Woody Allen e Luis Fernando Verissimo tocando juntos em um bar em Nova York.
Melhor: Woody Allen e Luis Fernando Verissimo tocando juntos em um bar em Nova York antes (ou depois) de um stand-up escrito por eles.
Melhor ainda: tudo igual, mas você foi convidado a sentar-se à mesa com os dois depois do show para bater um papo e tomar uns drinks.
Variações desse encontro já aconteceram muitas vezes na minha cabeça. Isso porque sempre achei excepcional que dois dos meus maiores ídolos compartilhassem não apenas um estilo de humor muito parecido, mas amassem jazz, literatura e cinema, tocassem nas horas vagas (Verissimo, o saxofone, Allen, o clarinete) e tivessem nascido com menos de um ano de diferença (Allen em dezembro de 1935, Verissimo em setembro de 1936).
Menos óbvias, talvez pelo estilo de humor um pouco diferente, são as afinidades dos dois com Jô Soares, que também amava jazz, literatura e cinema, tocava nas horas vagas (bongô) e nasceu na mesma época (janeiro de 1938). Seja como for, o trio sax, clarinete e bongô totalmente daria samba naquele bar imaginário em Nova York – e em qualquer outro bar do planeta.

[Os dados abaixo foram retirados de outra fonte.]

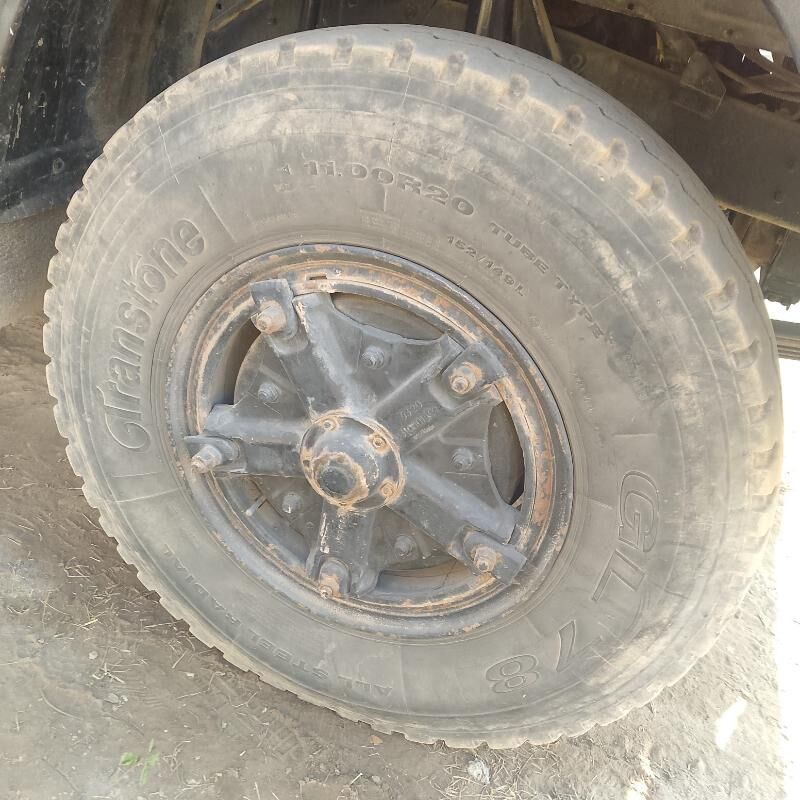 300 ilk tigir 1 500 TMT - Дянев - img 4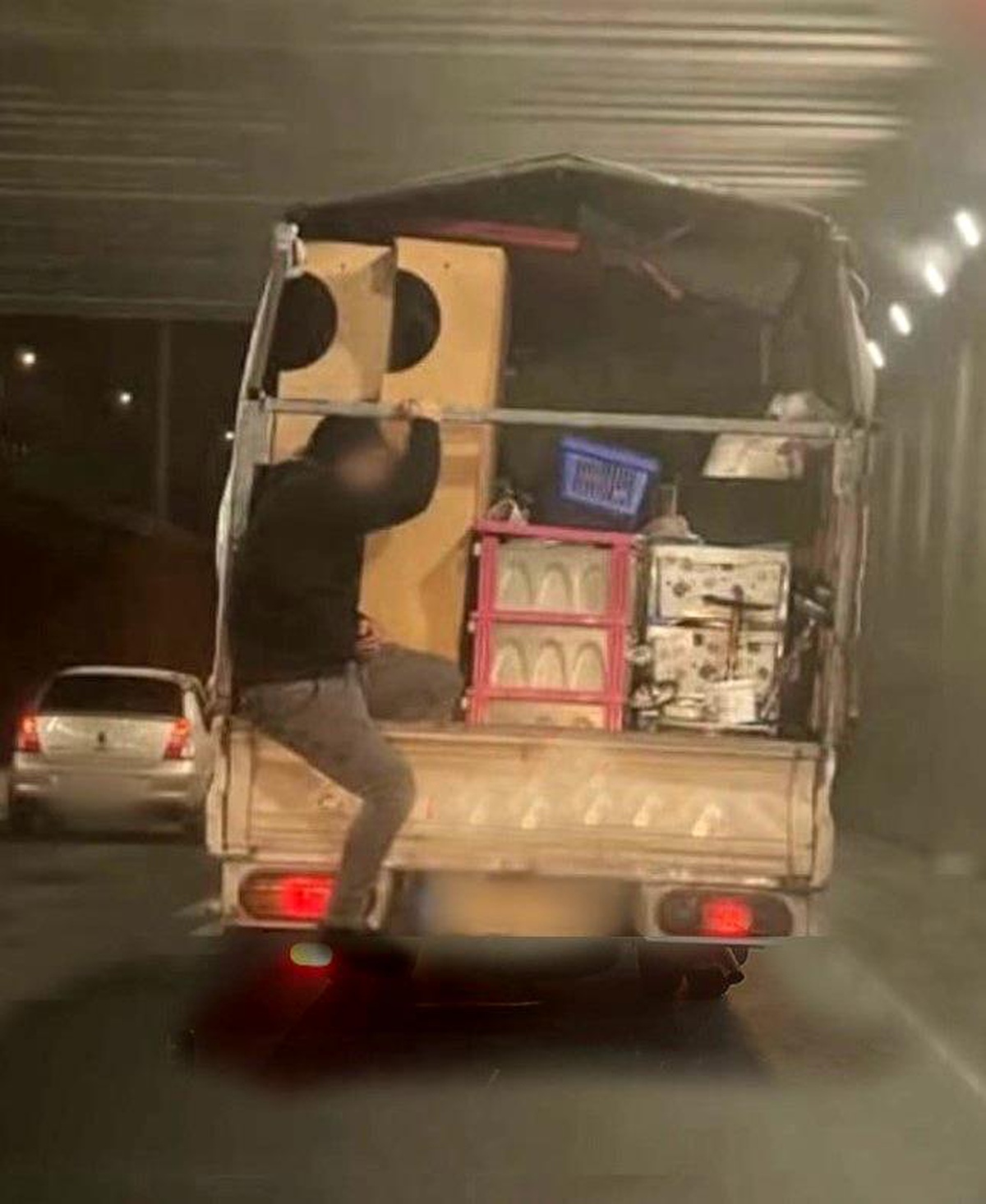 Kamyonet Kasasında Tehlikeli Yolculuk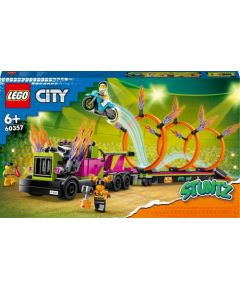 LEGO City Wyzwanie kaskaderskie — ciężarówka i ogniste obręcze (60357)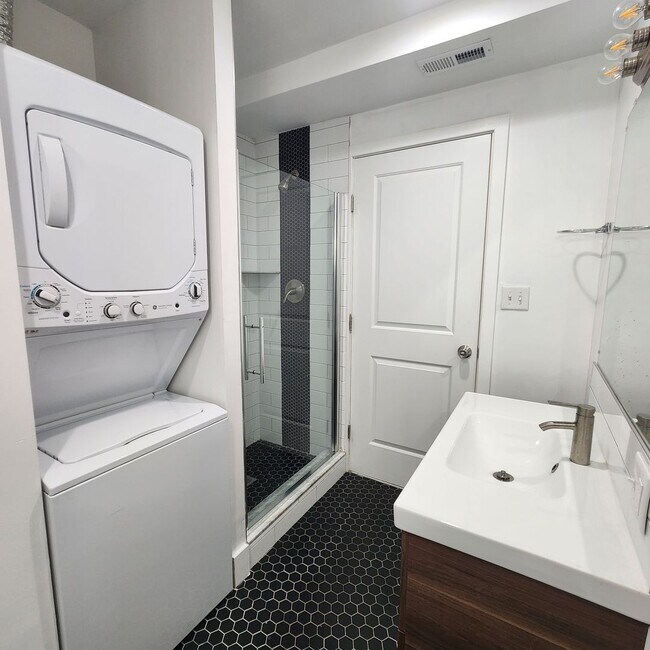Building Photo - Fully renovated 2bedroom in brewerytown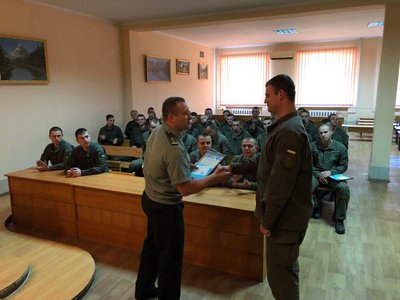 "Завжди дарував мені хризантеми". Історія бійця Богдана Канівця з Охтирки "Завжди дарував мені хризантеми". Історія бійця Богдана Канівця з Охтирки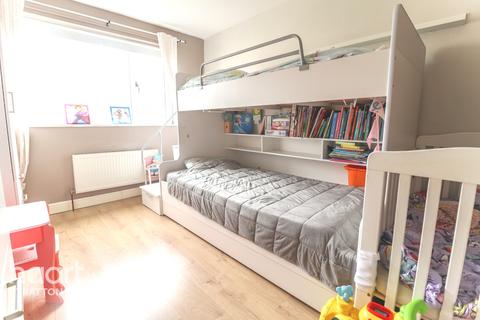 35 Stubsmead, Eldene, Swindon, SN3 3TA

Com suas diferenças e afinidades, de estilo, formação e temperamento, Woody Allen, Luis Fernando Verissimo e Jô Soares compõem a santíssima trindade do humor da minha vida. E quando eu falo “vida” quero dizer da infância até a idade adulta – o que por si só já é um fenômeno. Humoristas que conseguem fazer crianças e adultos rirem são sempre os mais amados (Chaplin é o exemplo mais evidente).
Não lembro a primeira vez em que assisti a um programa do Jô Soares – provavelmente porque ele sempre esteve lá, ou seja, já trabalhava na televisão quando eu nasci. Faça Humor, Não Faça Guerra estreou na Globo em 1971, quando eu tinha cinco anos. Vem dali minha primeira memória afetiva relacionada à comédia: o quadro Lelé e Da Cuca, em que Jô contracenava com Renato Corte Real.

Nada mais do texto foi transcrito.